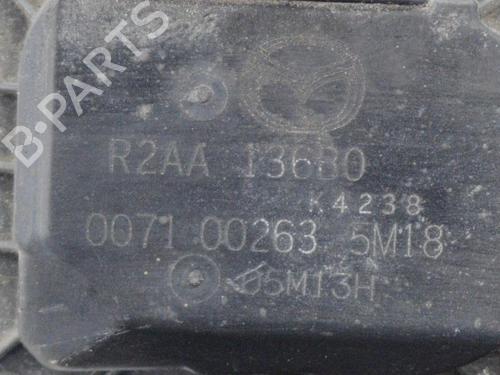 Throttle body MAZDA 6 Estate (GH) 2.2 MZR-CD (GH10) | BP6839067M82 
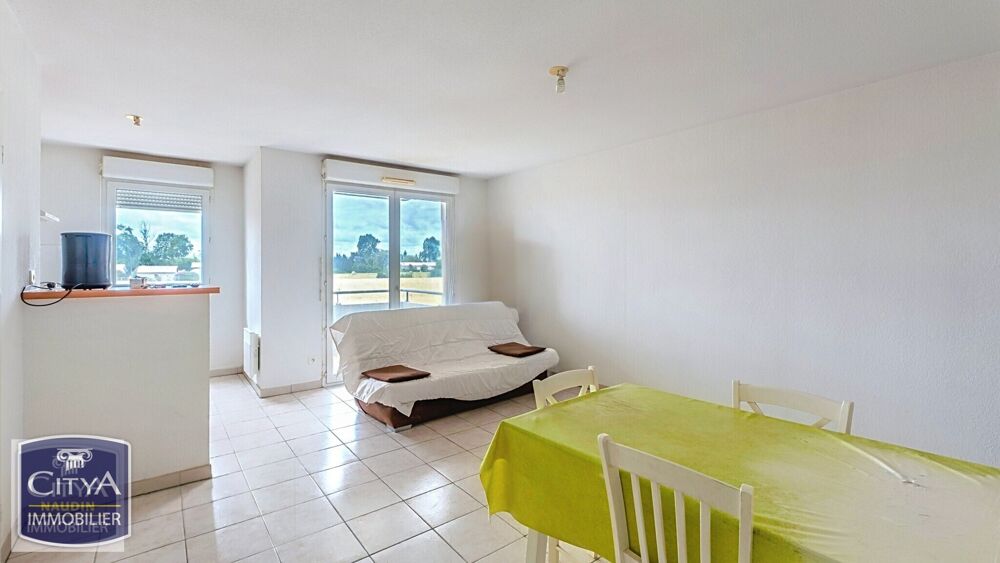 Vente Appartement appartement Verdun-sur-garonne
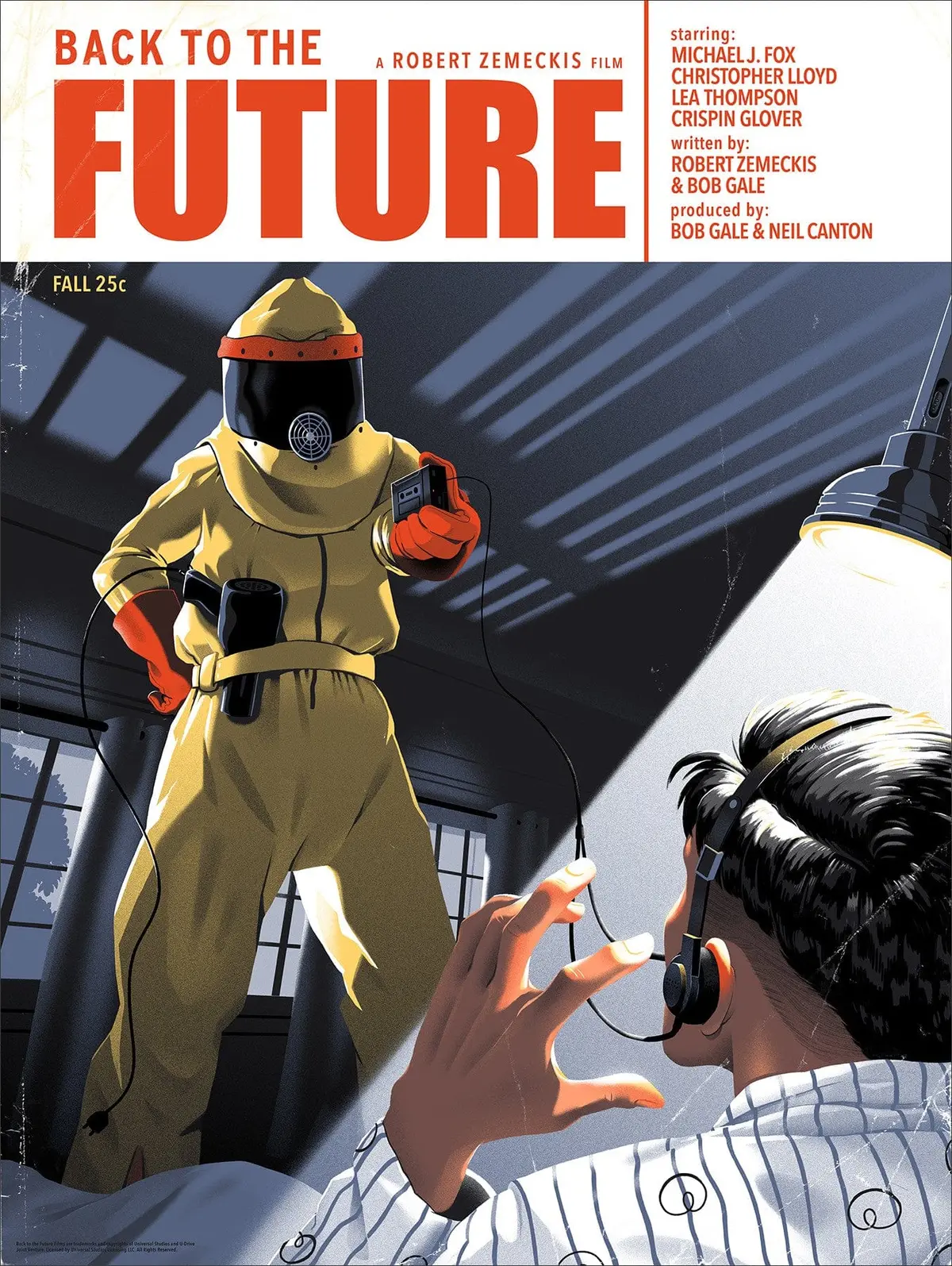 Back To The Future 1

= TRY IT =
Line for line, retype the material exactly, omitting any pictures.

= RESULT BELOW =
 Throttle body MAZDA 6 Estate (GH) 2.2 MZR-CD (GH10) | BP6839067M82 
 Vente Appartement appartement Verdun-sur-garonne
 Back To The Future 1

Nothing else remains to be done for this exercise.